The automatic identification of empirical research articles

Article type
Year
Authors
Haas SW, Sugarman J, Tibbo HR, Sugarman J
Abstract
Introduction: Retrieving documents from electronic databases on dimensions other than topic can be problematic, yet for many users this ability may be crucial in finding the documents they seek. For instance, distinguishing the empirical research literature from other types of literature on a particular topic may be important to users, but is difficult, if not impossible in current databases. Full text electronic databases open the possibility of using text-filtering strategies to make such distinctions.

Objective: To develop a method of automatically identifying articles reporting empirical research in the multidisciplinary field of bioethics, where a variety of empirical and theoretical methods are used to investigate particular issues.

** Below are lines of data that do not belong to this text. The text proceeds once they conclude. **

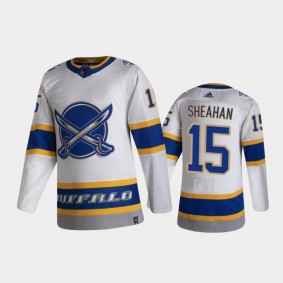 Men's Buffalo Sabres Riley Sheahan #15 Reverse Retro 2020-21 White Special Edition Authentic Jersey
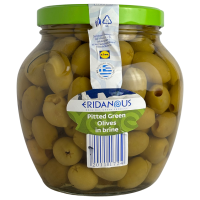 Оливки зелені без кісточки Eridanous Olives 1600g
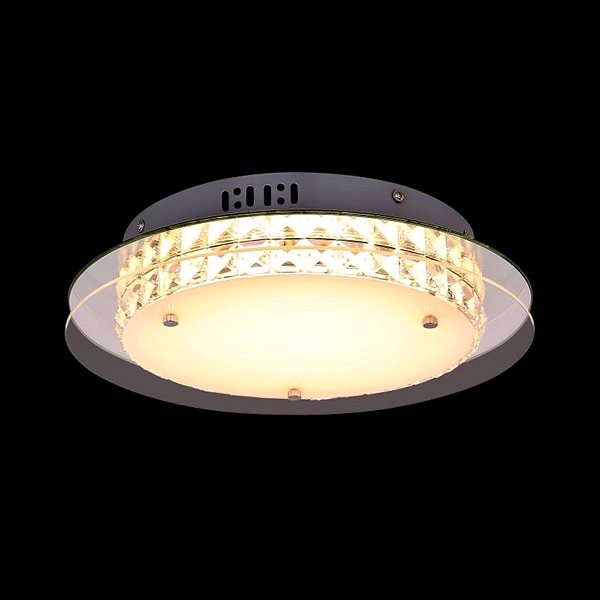 Ceiling Light Globo - LED Crystal Ceiling Light LED/24W/230V Lifestyle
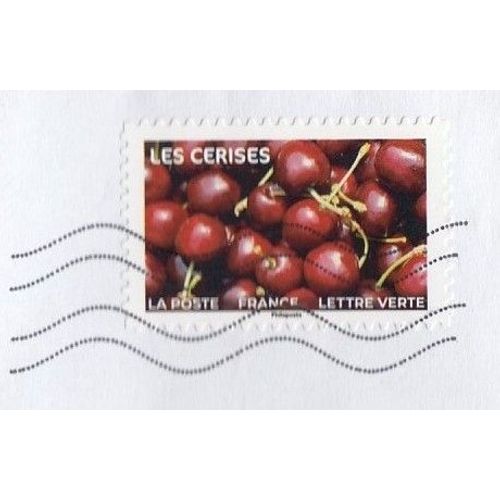Les Cerises - Timbre France Oblitéré Le 13/11/2023 - Sur Fragment Enveloppe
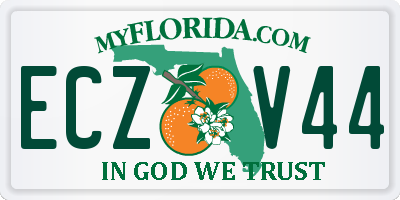 FL license plate ECZV44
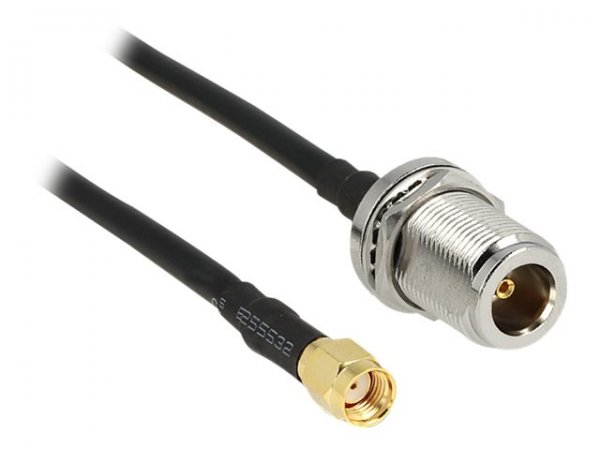 Delock Antennenkabel RP-SMA Stecker> N Buchse zum - Cavo - Antenna/tv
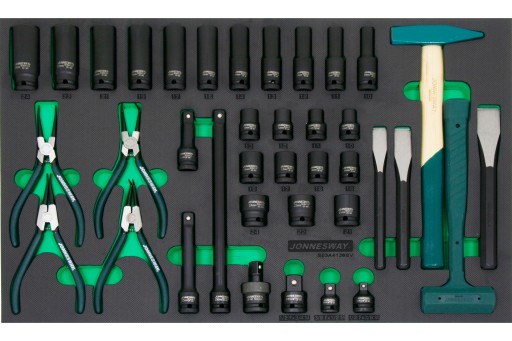 Набор 38 шт. инструменты во вставке из ЭВА Jonnesway S03A4138SV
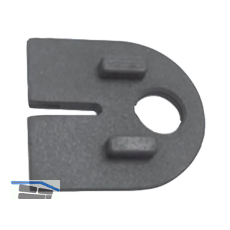 Einlage zu Glasklemmbeschlag Modell 25 f�r 12 mm Glas, Gummi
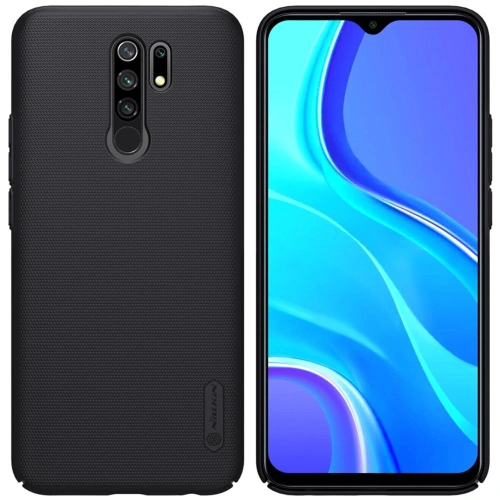 Kup Etui Nillkin Super Frosted Shield Redmi 9/9 Prime Fekete - NLK178BLK - {ean13} - Sklep Home Screen
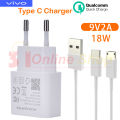 Vivo Fast charger 18W micro usb Type-C for All Android smartphone. 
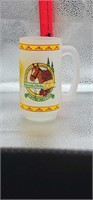 Vintage 113th Kentucky Derby 1987 frosted mug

Methods: Several electronic databases (Ageline, Bioethicsline, Health Planning and Administration, Medline, Philosophers' Index, and Psyclnfo) were searched to identify literature on the topic of "advance directives". The bioethicist on our team (JS) selected 30 articles from this search to represent a variety of authors and journals, and to provide 15 articles describing empirical research, and 15 non-empirical articles. The full text of each article was entered into an electronic format and examined to determine if a rule based on their vocabulary could classify the articles as empirical or non-empirical.

Results: The articles' vocabulary was analyzed to find words that appeared exclusively or predominantly in one set and not in the other. A simple rule based on the presence of the words "table" or "sample" successfully differentiated the empirical from the non-empirical articles. This is an important result for three reasons: (1) it was 100% accurate in this study; (2) it can be applied in existing full text databases; (3) since the words do not refer to the specific content of an article, but rather to its genre, it is likely that this type of rule will be effective in other disciplines.

Discussion: This study demonstrates that simple decision rules based on vocabulary can automatically classify articles as empirical or non-empirical. It is conceivable that a similar approach might be used to identify articles based upon particular types of empirical methods employed, such as the randomized clinical trial.